In an effort to combine these diverse goods, the Founders sought to create a Constitution that would empower the majority to rule even as it protected the rights of individuals. With a view to the latter purpose, they devised a number of constitutional expedients, including an enumeration of powers that limits the scope of the federal government’s authority, and the specification of rights in the Constitution in such a way that they could be vindicated by courts. On this understanding, we can see that the “republicanism” of the Constitution is manifested not only in its protections for individual rights and limited government, but also in its establishment of popular self-government.

Viewing the Constitution in this light, judicial restraint begins to look like a much more defensible way for judges to exercise their duties. Since the majority is basically authorized to govern, it makes sense for judges to conceive of their role as entailing a certain deference.  Nevertheless, since the majority is only authorized to govern within limits that are established by the Constitution, there may be cases in which a clear conflict between the Constitution and a law passed by a legislature requires a court to strike down the latter as inconsistent with the former.

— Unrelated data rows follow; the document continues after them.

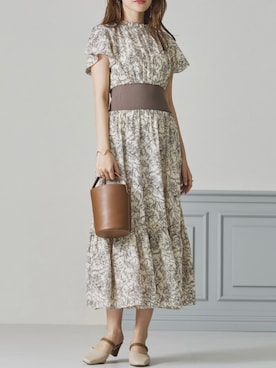 acroさん(レディース・163cm)の春コーディネート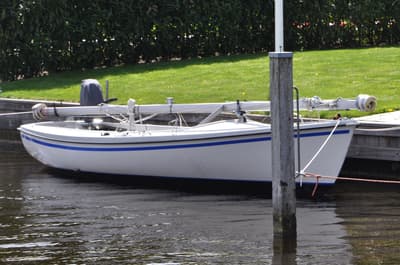Randmeer (uit 1996, 6.5m)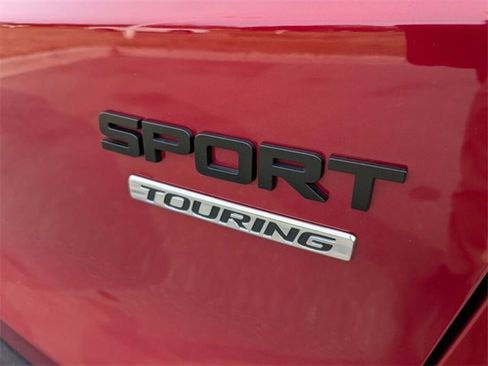 Certified 2023 Honda CR-V Sport Touring image 14
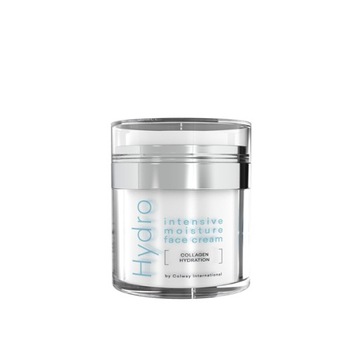 Colway Intensywnie nawilżający krem do twarzy 50ml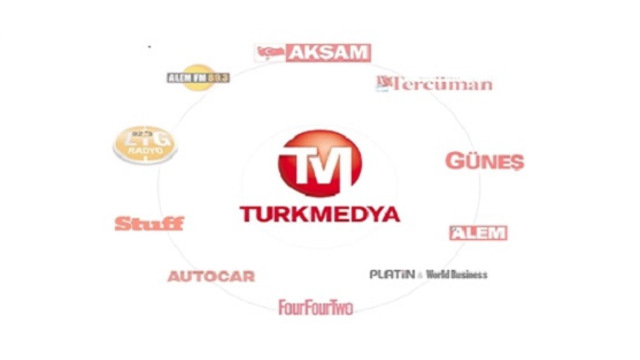 İşte Turkmedya'nın yeni sahibi!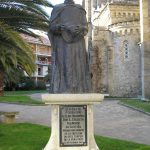 Foto: "Monseñor Evaristo Vaamonde da Cortiña" de Rocío Vila Abuín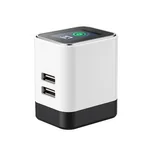 UrbanPlug Travel Adapter with Smart Ports - 2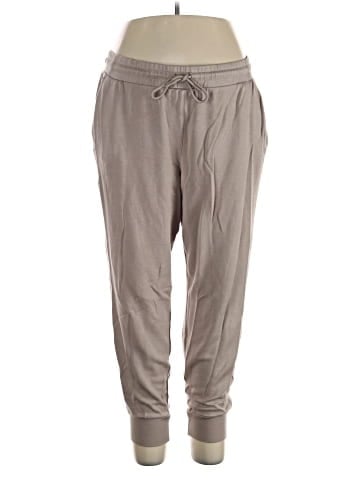 Danskin Casual Pants (view 1)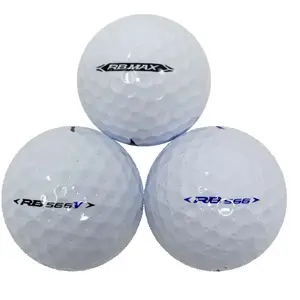 Mizuno Mix - Mint Golf Balls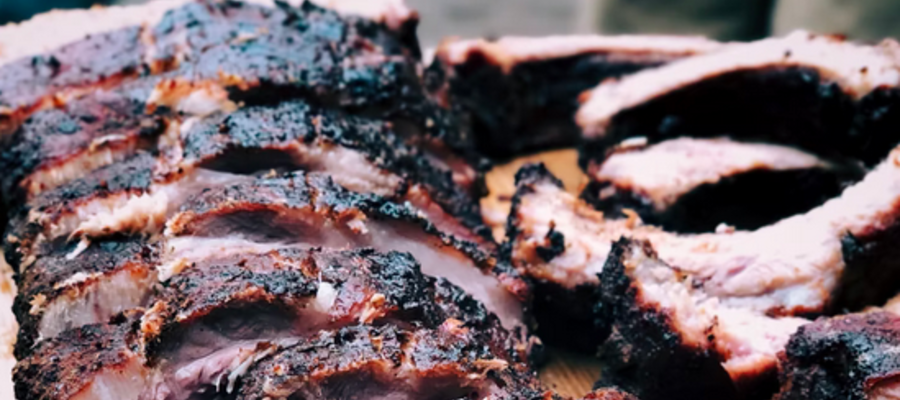 Where to Find the Best BBQ in Maryland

If this account is correct, it would not be surprising to find that judicial deference or restraint has an older and more venerable pedigree than the Progressive movement. Such, indeed, would seem to be the case, at least if we can trust the classic Founding-era account of the judicial power, Alexander Hamilton’s Federalist 78. Hamilton, like Barnett, sees the Constitution as limiting the power of the government in ways that the courts can enforce. Unlike Barnett, however, he does not envision the courts as scrutinizing laws with a view to defending the natural liberty of the sovereign individual. He rather speaks of judges as performing the much more circumscribed task of enforcing “certain specified exceptions to the legislative authority,” or protecting the “reservations of particular rights and privileges,” contained in the Constitution.

Moreover, Hamilton contends that courts must strike down laws when they find “an irreconcilable variance” between them and the Constitution—a formulation strongly suggesting that courts must try to reconcile laws with the Constitution when there is some reasonable way to do so. But this is as much as to say that judges ought to approach their task of judicial review with a certain deference to the enactments of the legislature.

It is true that Hamilton, like Barnett, sees courts as “an essential safeguard” against “unjust and partial laws” that injure “the private rights of particular classes of citizens.” Hamilton, however, never suggests that courts have a power to strike down these abuses as unconstitutional—only to shelter the victims somewhat by “mitigating the severity and confining the operation of such laws.”

Barnett’s approach to the Constitution appeals to a deeply rooted American instinct: individualism, or respect for the sovereignty of the individual. But it also runs up against another deeply rooted American instinct: respect for the political authority of the majority. In view of this tension, Barnett’s interpretation will likely achieve a lasting place alongside existing ones, but without being able to supplant them. His libertarian constitutionalism will make our ongoing argument over the meaning of the Constitution more interesting, but probably will not be able to resolve it.